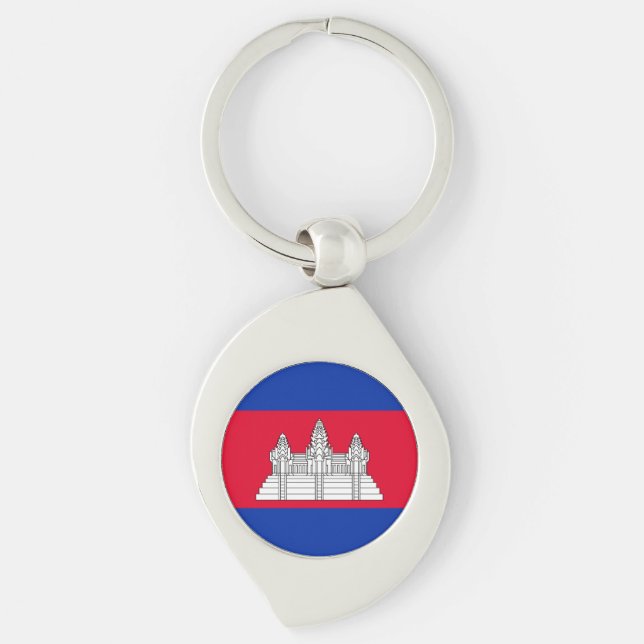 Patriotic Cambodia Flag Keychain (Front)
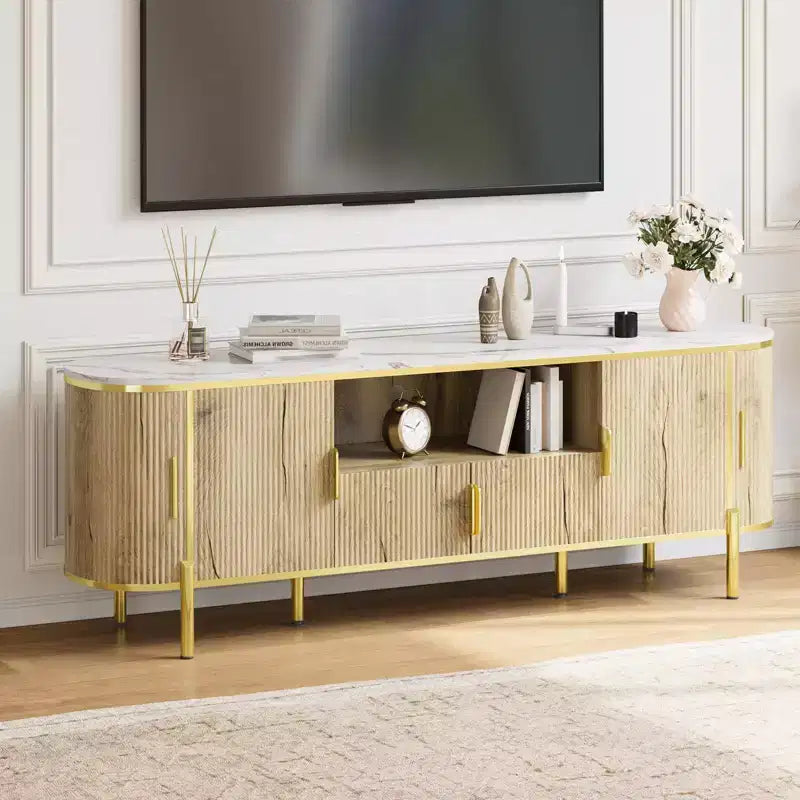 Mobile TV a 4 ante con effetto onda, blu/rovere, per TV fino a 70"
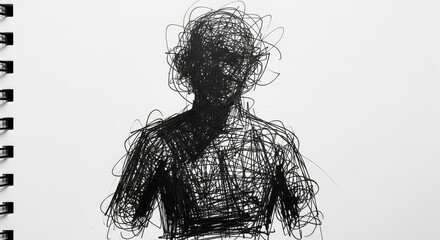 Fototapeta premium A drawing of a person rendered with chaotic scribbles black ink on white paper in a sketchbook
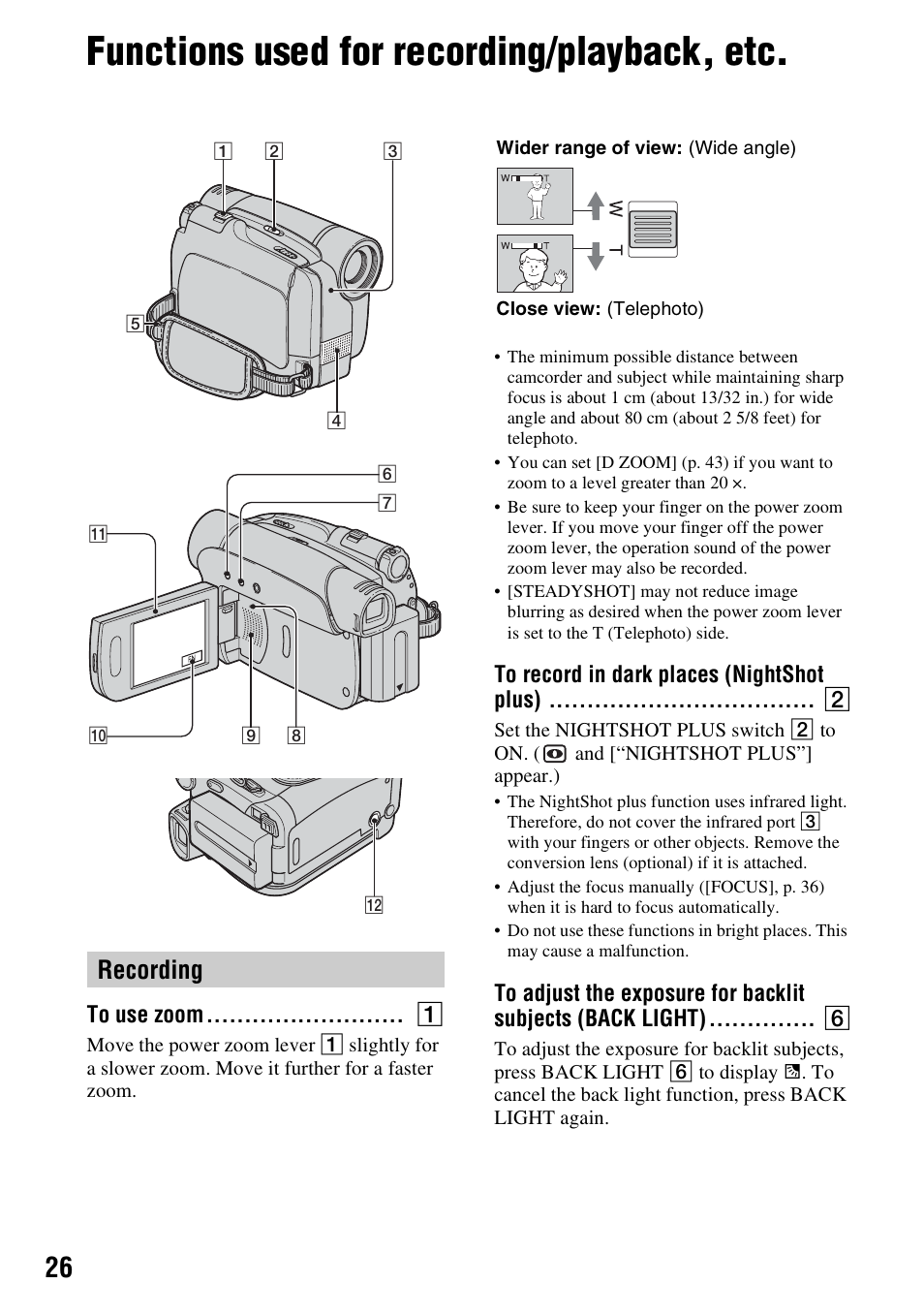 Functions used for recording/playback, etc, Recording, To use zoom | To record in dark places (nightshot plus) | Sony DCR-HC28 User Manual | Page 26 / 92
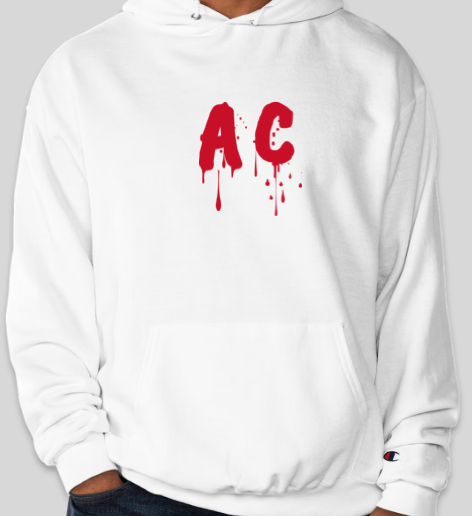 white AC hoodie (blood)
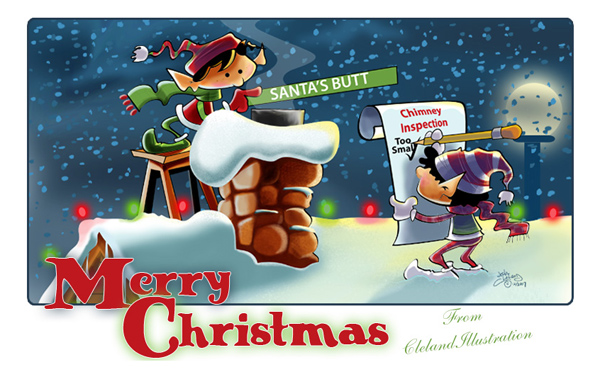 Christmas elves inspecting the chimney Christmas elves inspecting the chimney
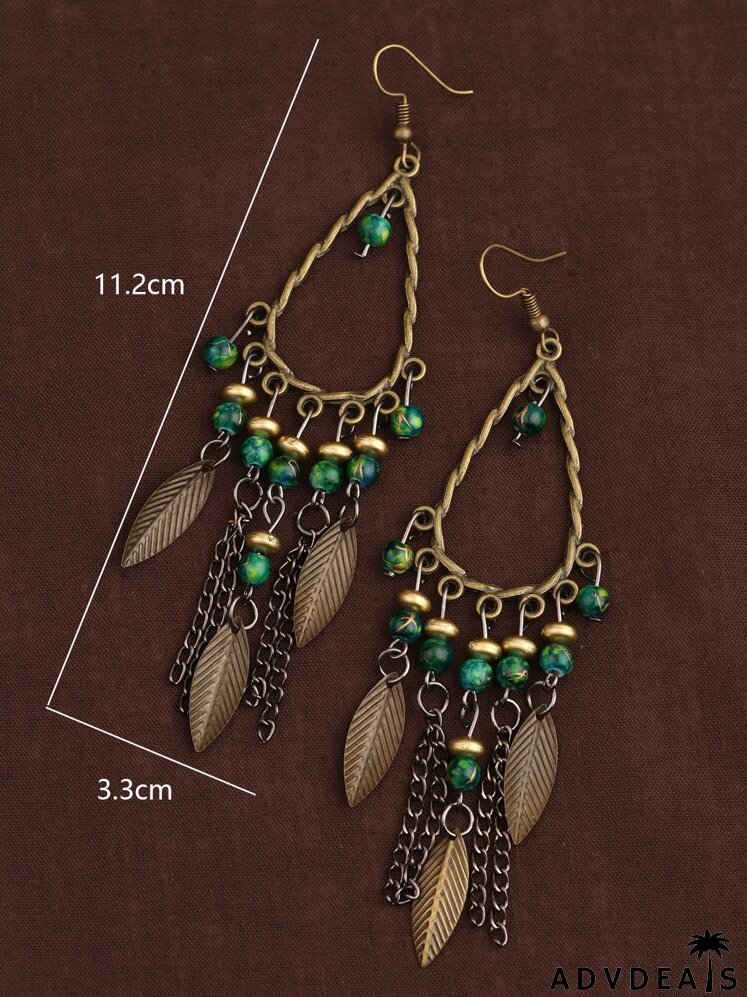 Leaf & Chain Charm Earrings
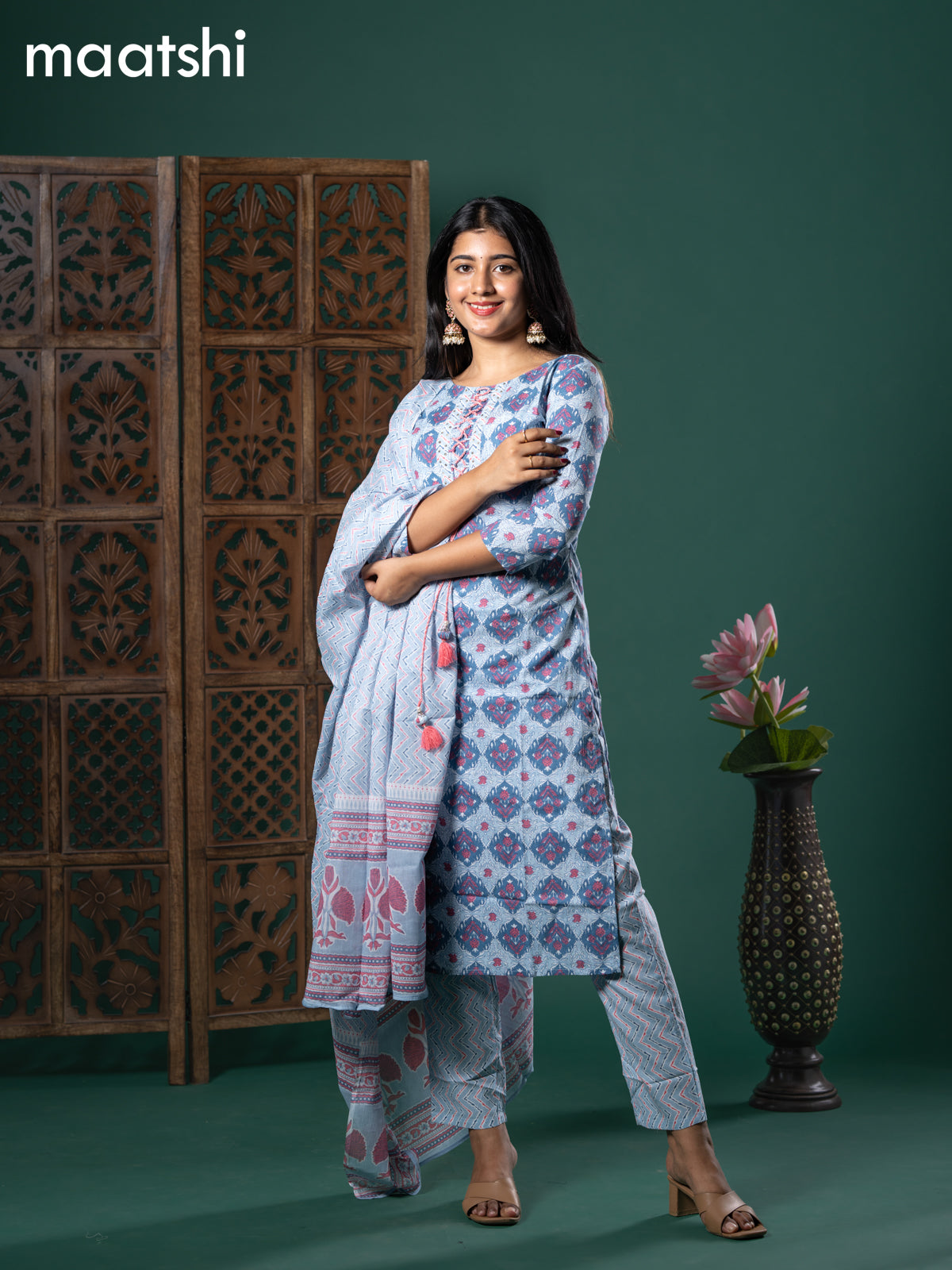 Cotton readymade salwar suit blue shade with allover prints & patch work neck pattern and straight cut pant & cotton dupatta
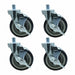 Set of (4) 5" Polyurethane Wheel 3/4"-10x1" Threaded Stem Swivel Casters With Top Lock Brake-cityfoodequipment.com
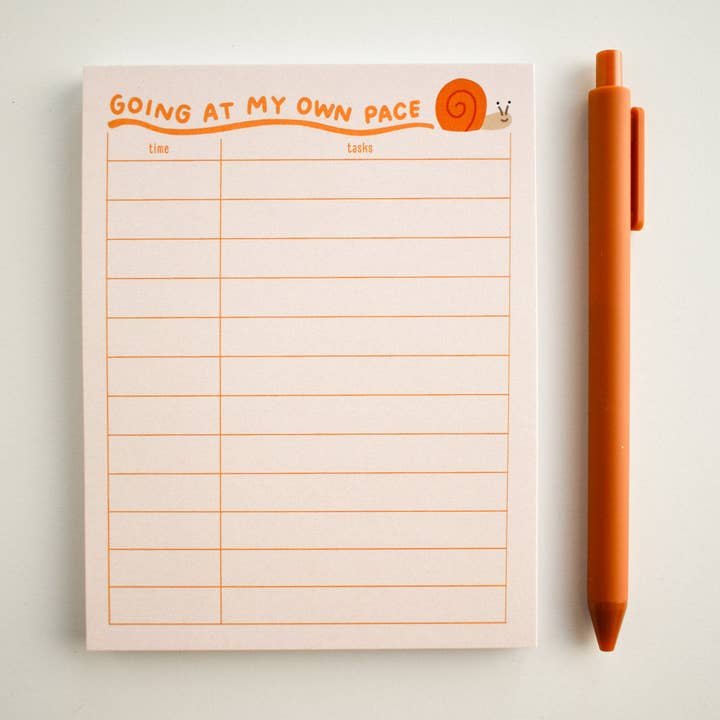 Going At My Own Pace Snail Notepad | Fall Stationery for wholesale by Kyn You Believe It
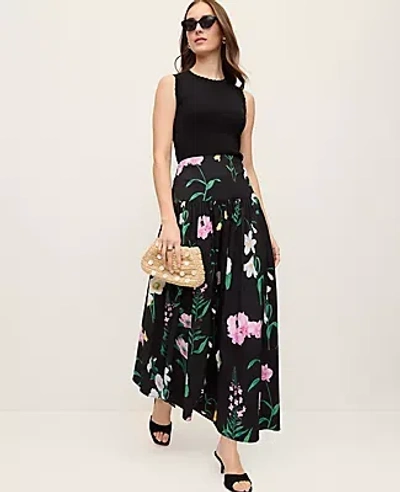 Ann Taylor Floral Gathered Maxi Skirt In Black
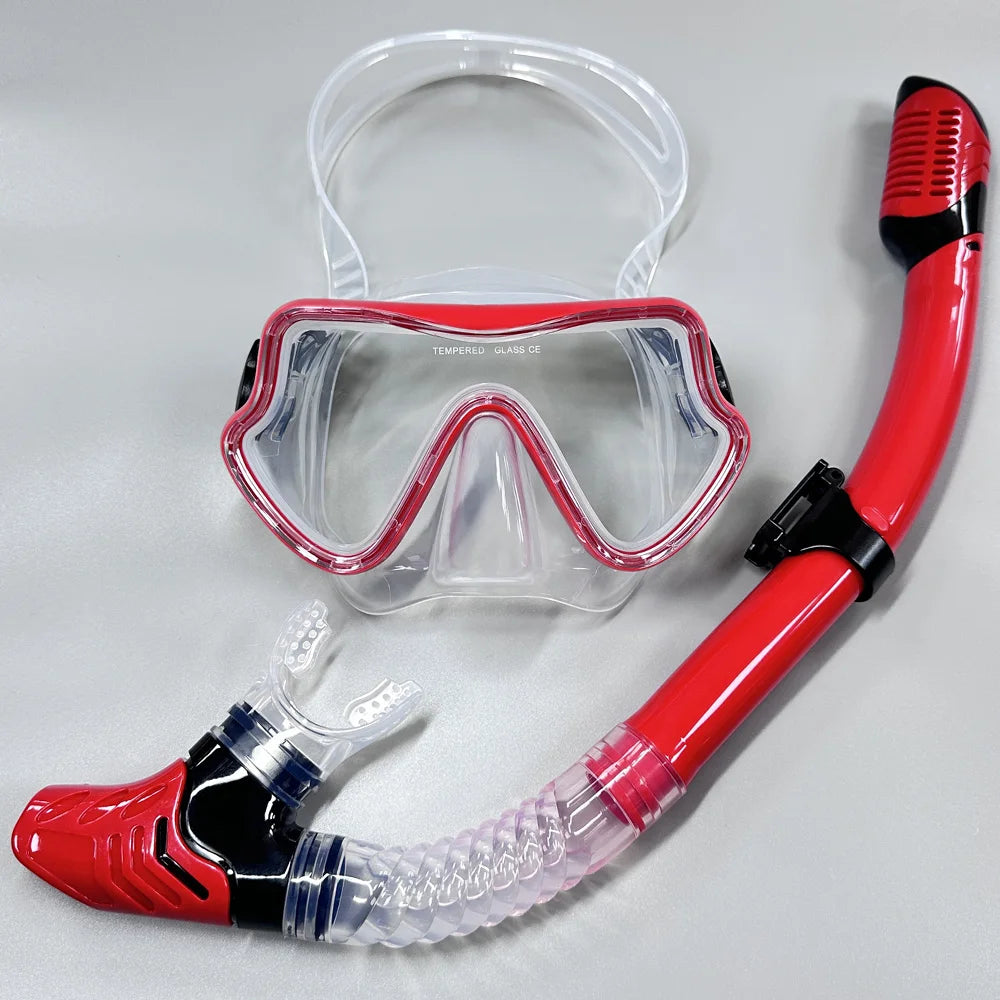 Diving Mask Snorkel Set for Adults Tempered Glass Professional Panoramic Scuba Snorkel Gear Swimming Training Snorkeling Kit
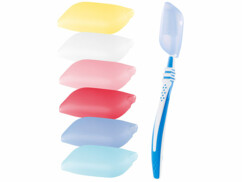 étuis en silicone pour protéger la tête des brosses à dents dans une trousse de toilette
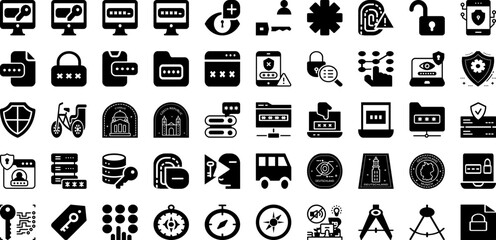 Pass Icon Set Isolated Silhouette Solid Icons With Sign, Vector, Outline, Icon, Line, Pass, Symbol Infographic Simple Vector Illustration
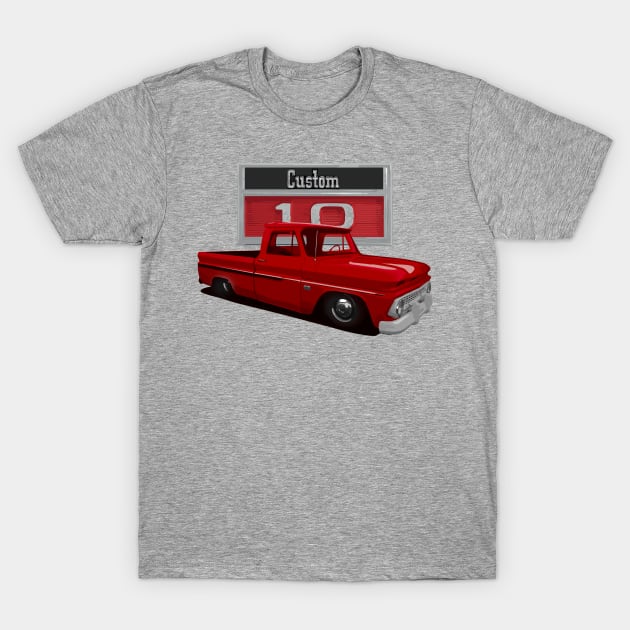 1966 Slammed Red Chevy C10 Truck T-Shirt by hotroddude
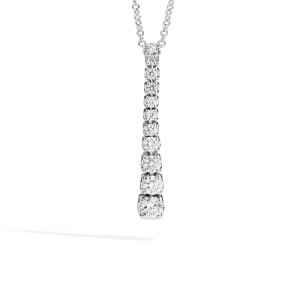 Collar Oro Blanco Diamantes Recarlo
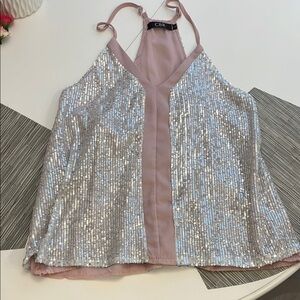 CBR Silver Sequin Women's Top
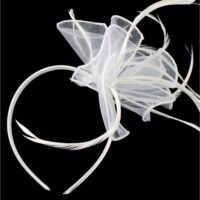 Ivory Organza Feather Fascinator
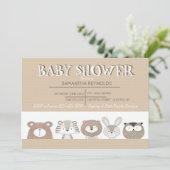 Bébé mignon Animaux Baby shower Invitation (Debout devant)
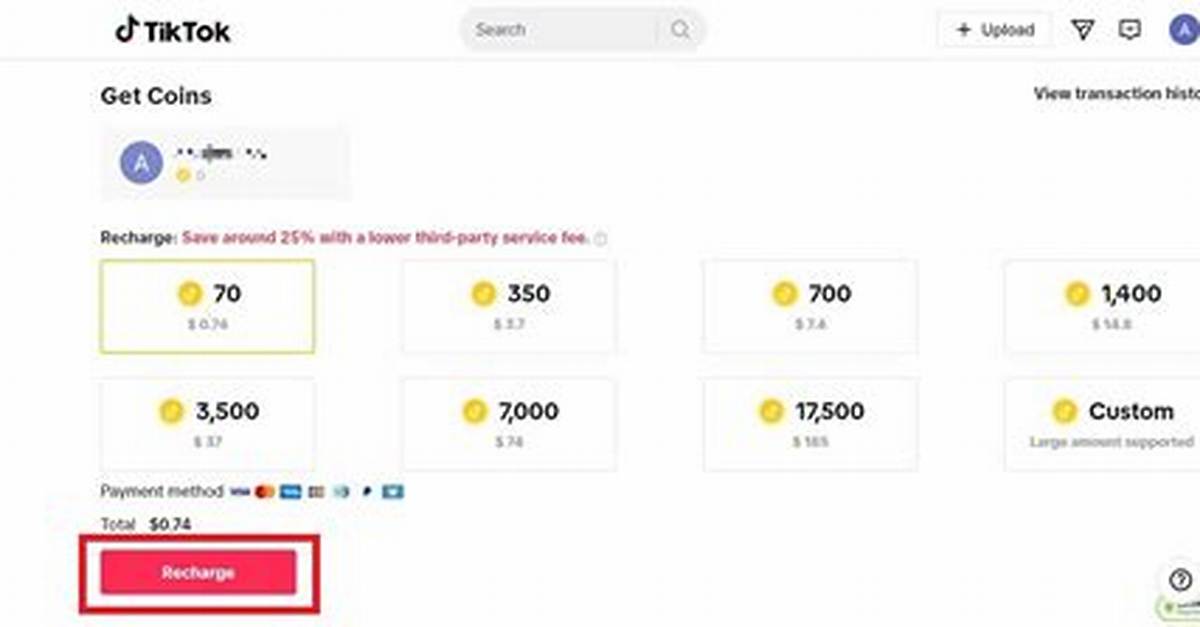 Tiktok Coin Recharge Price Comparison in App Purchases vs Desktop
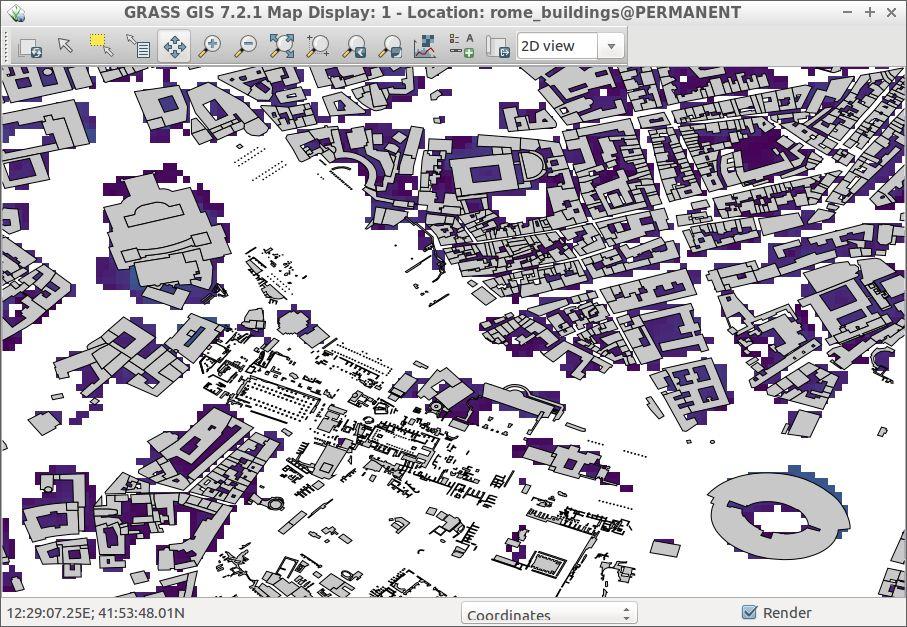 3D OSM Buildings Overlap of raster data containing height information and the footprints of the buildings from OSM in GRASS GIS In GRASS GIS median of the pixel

= = =

__INSTRUCTIONS FOR THE TASK__: Your reply should restate every entry exactly, with the pictures left out.

__RESPONSE__:
 Patriotic Cambodia Flag Keychain (Front)
 Mobile TV a 4 ante con effetto onda, blu/rovere, per TV fino a 70"
 Fototapeta premium A drawing of a person rendered with chaotic scribbles black ink on white paper in a sketchbook
 Functions used for recording/playback, etc, Recording, To use zoom | To record in dark places (nightshot plus) | Sony DCR-HC28 User Manual | Page 26 / 92
 white AC hoodie (blood)
 Christmas elves inspecting the chimney Christmas elves inspecting the chimney
 Leaf & Chain Charm Earrings
 Cotton readymade salwar suit blue shade with allover prints & patch work neck pattern and straight cut pant & cotton dupatta
 Set of (4) 5" Polyurethane Wheel 3/4"-10x1" Threaded Stem Swivel Casters With Top Lock Brake-cityfoodequipment.com
 Going At My Own Pace Snail Notepad | Fall Stationery for wholesale by Kyn You Believe It
 Ann Taylor Floral Gathered Maxi Skirt In Black
 Diving Mask Snorkel Set for Adults Tempered Glass Professional Panoramic Scuba Snorkel Gear Swimming Training Snorkeling Kit
 étuis en silicone pour protéger la tête des brosses à dents dans une trousse de toilette
 Pass Icon Set Isolated Silhouette Solid Icons With Sign, Vector, Outline, Icon, Line, Pass, Symbol Infographic Simple Vector Illustration
 1966 Slammed Red Chevy C10 Truck T-Shirt by hotroddude
 Collar Oro Blanco Diamantes Recarlo
 CBR Silver Sequin Women's Top
 Ivory Organza Feather Fascinator
 Bébé mignon Animaux Baby shower Invitation (Debout devant)
 Tiktok Coin Recharge Price Comparison in App Purchases vs Desktop
 3D OSM Buildings Overlap of raster data containing height information and the footprints of the buildings from OSM in GRASS GIS In GRASS GIS median of the pixel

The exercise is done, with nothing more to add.